Другое дело, что ты никогда не должен вступать в непонятную полемику с радиослушателем. Тут очень тонкая грань. Мы на протяжении десяти с лишним лет разыгрывали людей. Это то, что когда-то блестяще делали Вован и Лексус, чего сейчас о них не скажешь. Когда пранки только начинались, мы уже устраивали их в прямом эфире. Мы посчитали, что позвонили чуть ли не каждому десятому жителю Армении. Мы устраивали абсолютно дикие вещи. Столько случаев было, и никто ни разу нас на х…й не посылал в прямом эфире. Причем, это в Армении, где люди в принципе достаточно горячие.
У одного из вашего коллег я видел бутылочку с початым вискарем на заднем плане в фильме. Можно ли перед эфиром немного пригубить или категорически нельзя?
— Я могу выпить и войти в эфир. Но никогда этого не делаю. От того, что я выпью, настроение не повышается. Но опять же, здесь никто не сдает никаких анализов, никаких тестов на допинг. Мы все взрослые люди. Если ты ответственно подходишь к своей работе, можешь себя контролировать, быть адекватным, то ради бога, пожалуйста.
Полная свобода, но без потери работоспособности.
— Конечно, да. Главное быть ответственным. Слово не воробей. Это очень важно. Все запоминается. Сейчас все еще записывается и остается в сети. Ко мне подходят люди и говорят, ты помнишь, в 2002 году, 23 сентября, в 10 часов ты мне позвонил и сказал вот эти слова. То есть для него это история на всю жизнь, во всяком случае на ближайшие 20-30 лет. А ты вообще не помнишь ни этого человека, ни этого случая. Но когда эта ситуация повторяется 10—20—100 раз, ты понимаешь, насколько значимо твое единственное слово. Сейчас шучу со своими детьми, когда они мне что-то говорят по секрету. Я говорю, ладно, никому не скажу. Только один раз тихонько в эфире и все. Потому что один раз произнести что-либо в эфире, это на самом деле глобальная история.

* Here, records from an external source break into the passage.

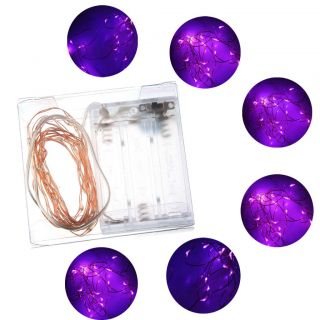 Beautiful 12V 20 LED Purple Battery Operated LED Copper Wire String Fairy Light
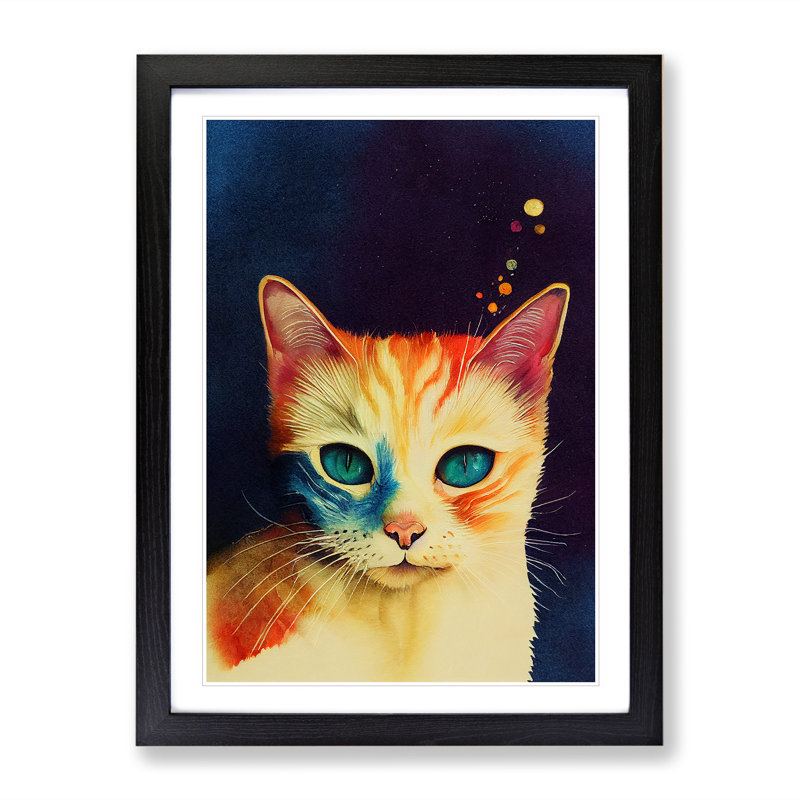 Cat In Watercolour No.3 - Single Picture Frame Print, Black, 64cm H x 46cm W x 2cm D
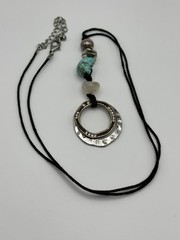 Bohemian Black Nylon Strung Necklace With Mixed Metals And Stone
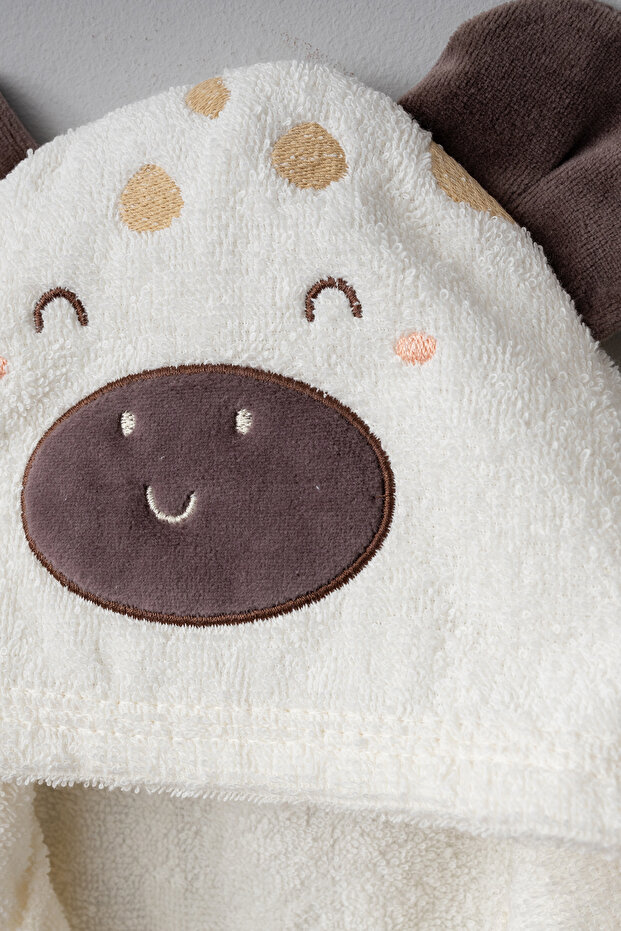 طقم رداء حمام للأطفال مزين بنقشة البقرة اللطيفة - 2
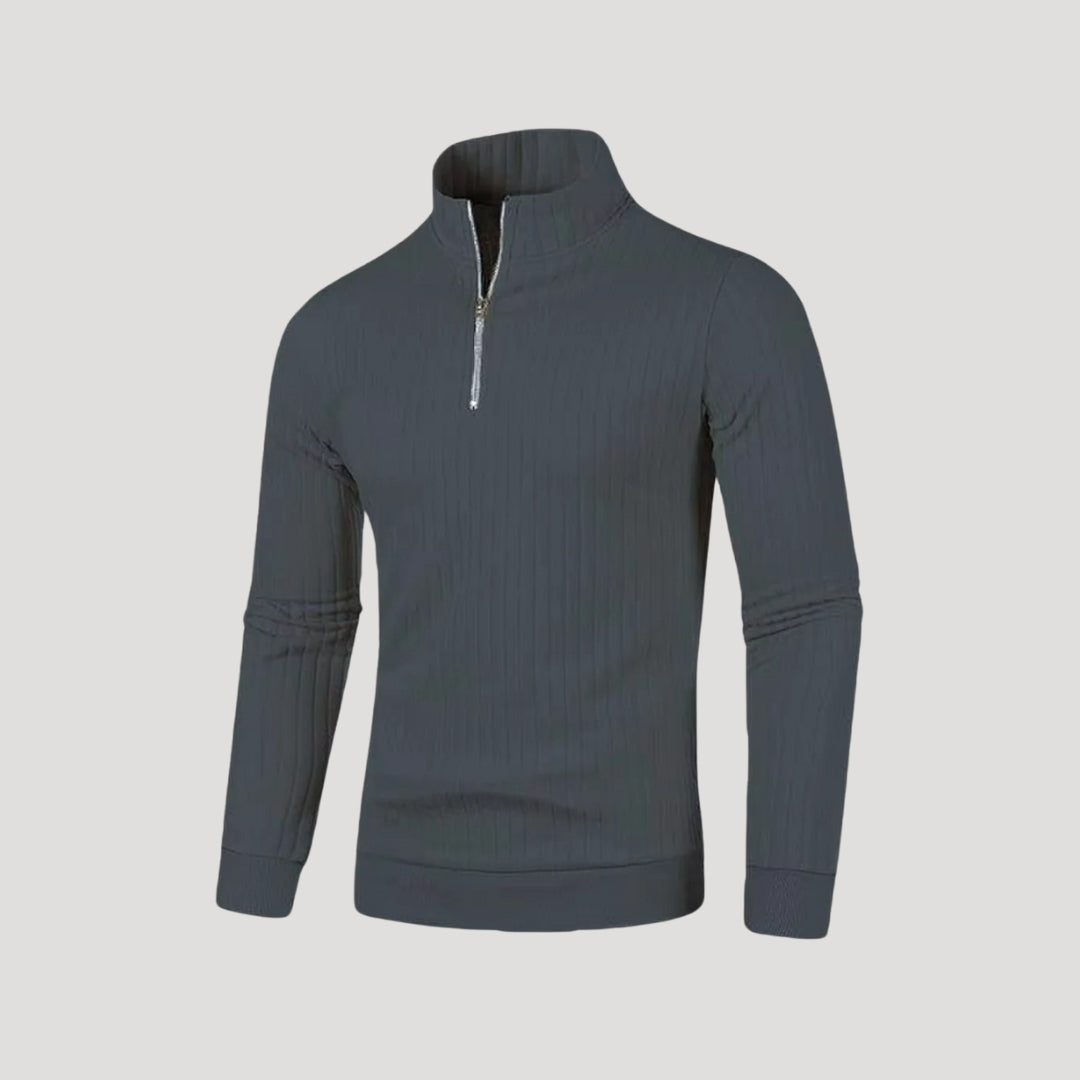 Men’s Ribbed Knit Sweater – Half Zip – Smart Casual Layer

Последний вопрос. Он в фильме звучит первым. Вы, как ведущий, задаете его коллегам, но сами на него не отвечаете. Что такое Радио Van?
— Радио Van – это огромная часть моей жизни. Это моя семья. Это моя работа, которая приносит огромное количество положительных эмоций. Это моя радость. Это моя боль, когда чего-то не получается. Это то, благодаря чему я состоялся во всей своей жизни.